Nel Centro di Ngome le mamme imparano a nutrire in modo appropriato i loro figli. L’elevata professionalità unita all’ambiente famigliare molto coinvolgente per chi si prende cura dei piccoli a casa hanno una grande efficacia nella cura della malnutrizione dei bambini di Iringa

Il centro nutrizionale Ngome di Iringa, gestito dall’Associazione Comunità Papa Giovanni XXIII Condivisione tra i popoli, opera da anni nel recupero dei bambini malnutriti, uno dei problemi infantili più gravi nell’Africa sub-sahariana. La malnutrizione, infatti, non solo può rendere i bambini molto più vulnerabili, ma può fortemente danneggiare il loro sviluppo fisico e soprattutto mentale.

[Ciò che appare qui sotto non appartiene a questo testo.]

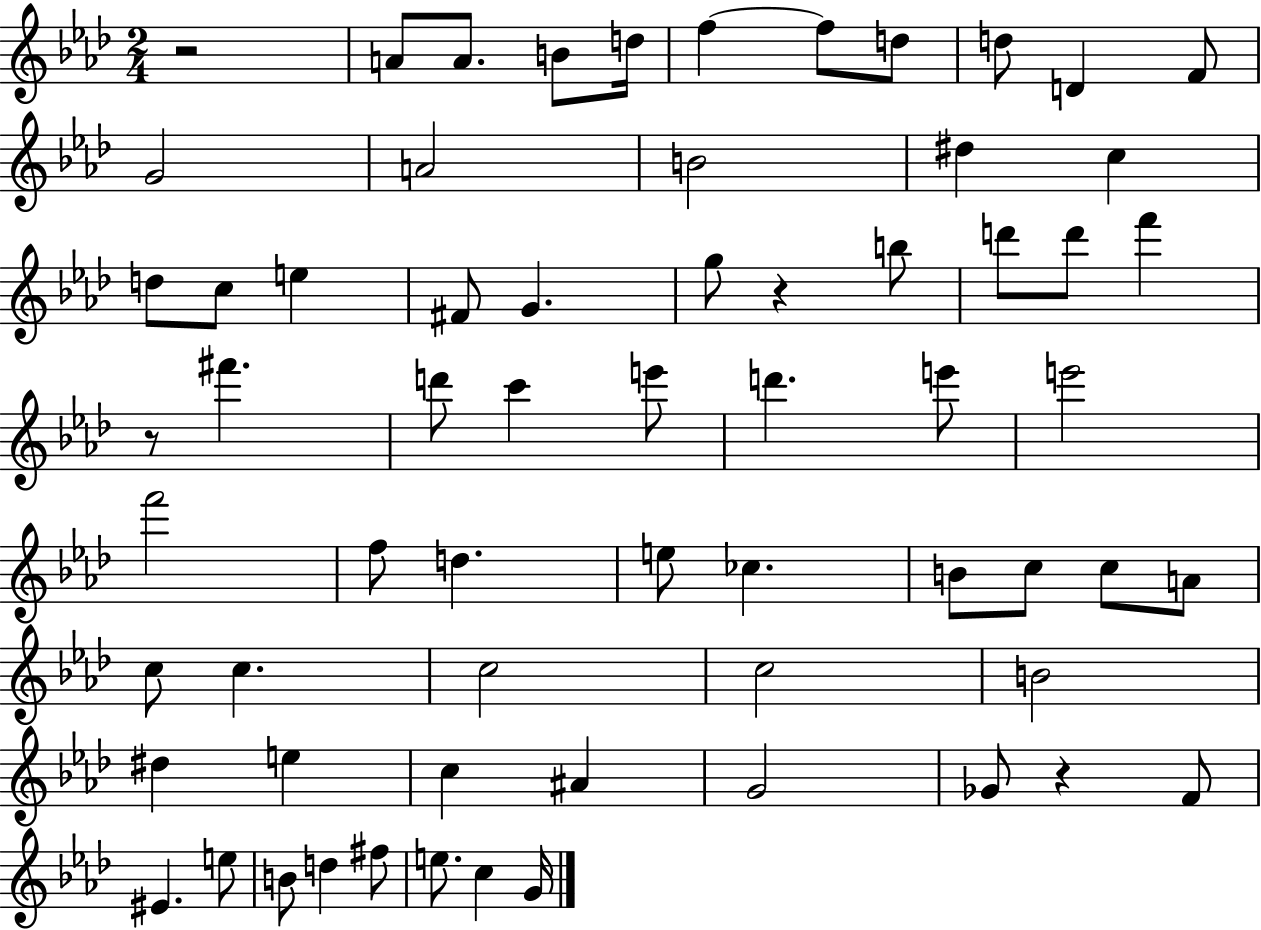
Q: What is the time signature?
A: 2/4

Il centro accoglie ed assiste bambini affetti da malnutrizione più o meno grave ma senza complicazioni, quelli cioè che non necessitano di un ricovero ospedaliero. Un numero crescente di famiglie si rivolgono al Centro, che ha seguito nel 2018 più di 50 bambini. Il sostegno da parte della Fondazione Maria Bonino è iniziato nel 2019 per far fronte con 12.600 euro all’anno soprattutto alle spese per gli alimenti e per il personale.

Il centro è aperto 3 giorni a settimana, mentre nei restanti le operatrici svolgono visite domiciliari, molto importanti per comprendere le cause di tale patologia nei bambini, spesso non dovuta ad una semplice carenza di cibo.

Nelle giornate di apertura le mamme con i propri figli giungono al centro alle 10 per assistere a corsi anche pratici sulla scelta e la preparazione del cibo e sull’igiene, e per svolgere varie altre mansioni (pulire la verdura, innaffiare e gestire l’orto, distribuire i pasti, riordinare la cucina). Vi sono anche momenti di gioco insieme ai bambini. Il nutrizionista Abel controlla i parametri dei piccoli, indirizzando al meglio la cura “d’urto” e di mantenimento. Bambini e mamme (spesso incinte o in allattamento) pranzano insieme e con cibi sempre diversi ma facilmente reperibili in loco. Prima di partire viene loro consegnato una volta a settimana un sacchetto alimentare a integrazione della dieta.

La professionalità, e insieme l’ambiente famigliare che si respira al centro con il relativo coinvolgimento delle mamme, sono i punti di forza di questo programma.